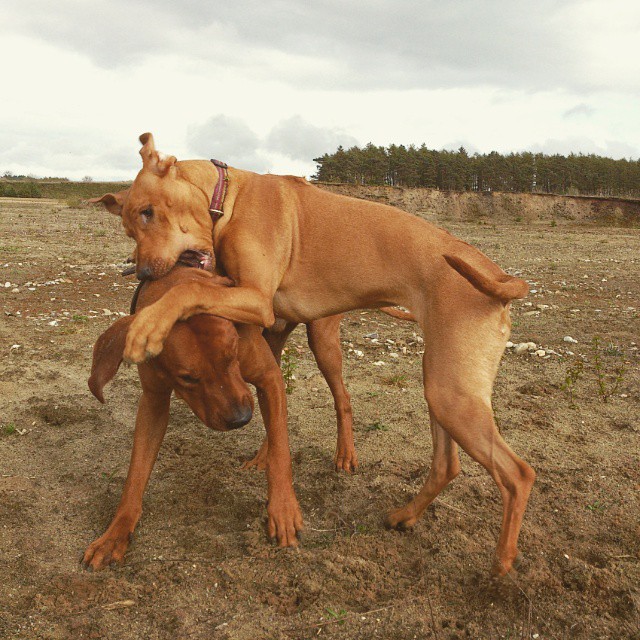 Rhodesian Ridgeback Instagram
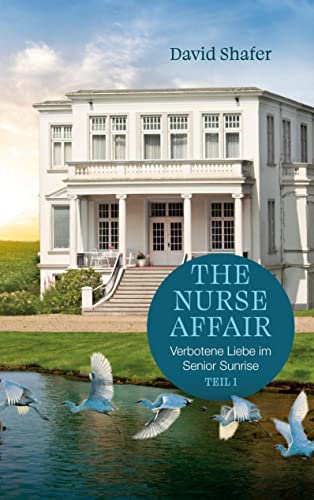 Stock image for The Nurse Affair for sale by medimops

* * *

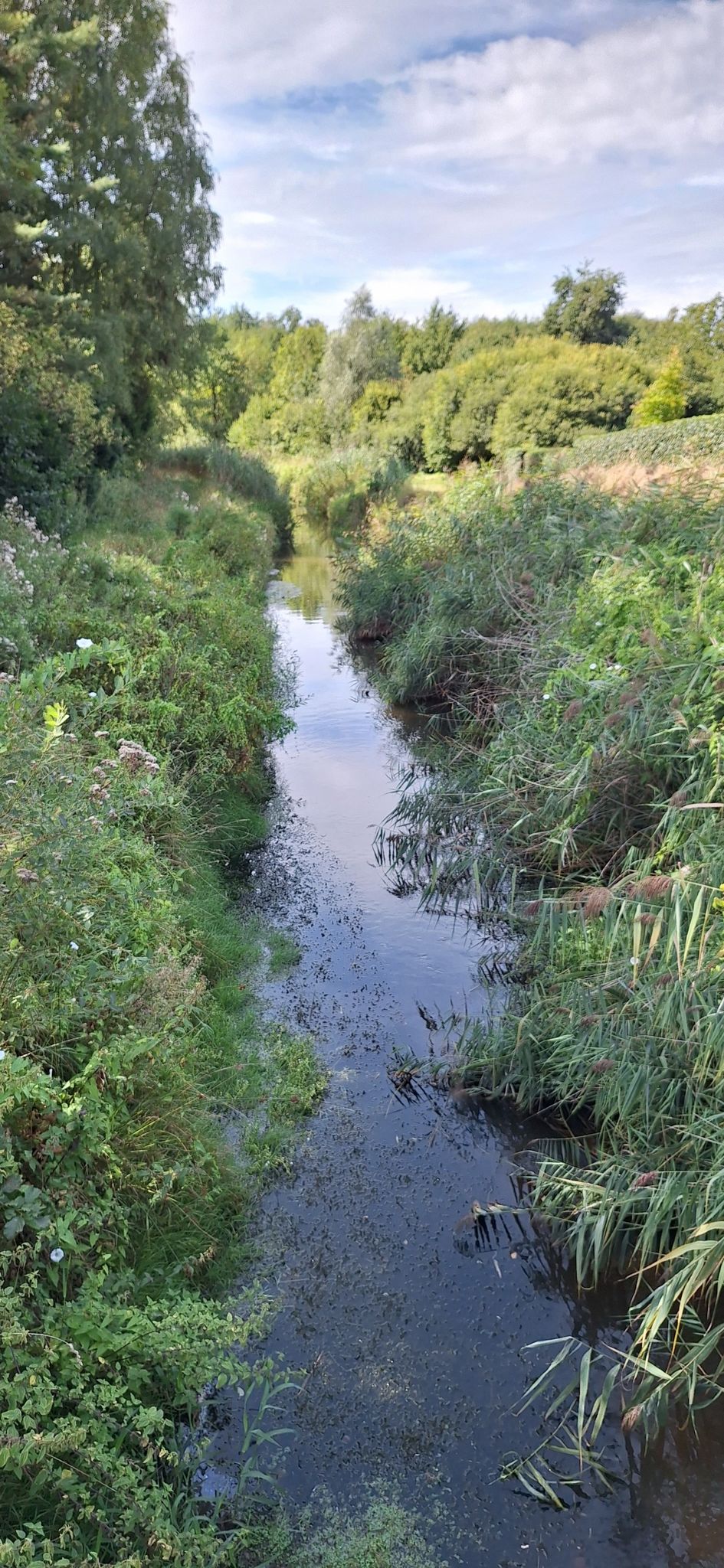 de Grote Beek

Exercise instructions —
Copy exactly the material above from the line with "Rhodesian Ridgeback Instagram" to the line with "Stock image for", ends included, and nothing else. Leave out any picture.

Reply to the exercise —
 Rhodesian Ridgeback Instagram
 Stock image for The Nurse Affair for sale by medimops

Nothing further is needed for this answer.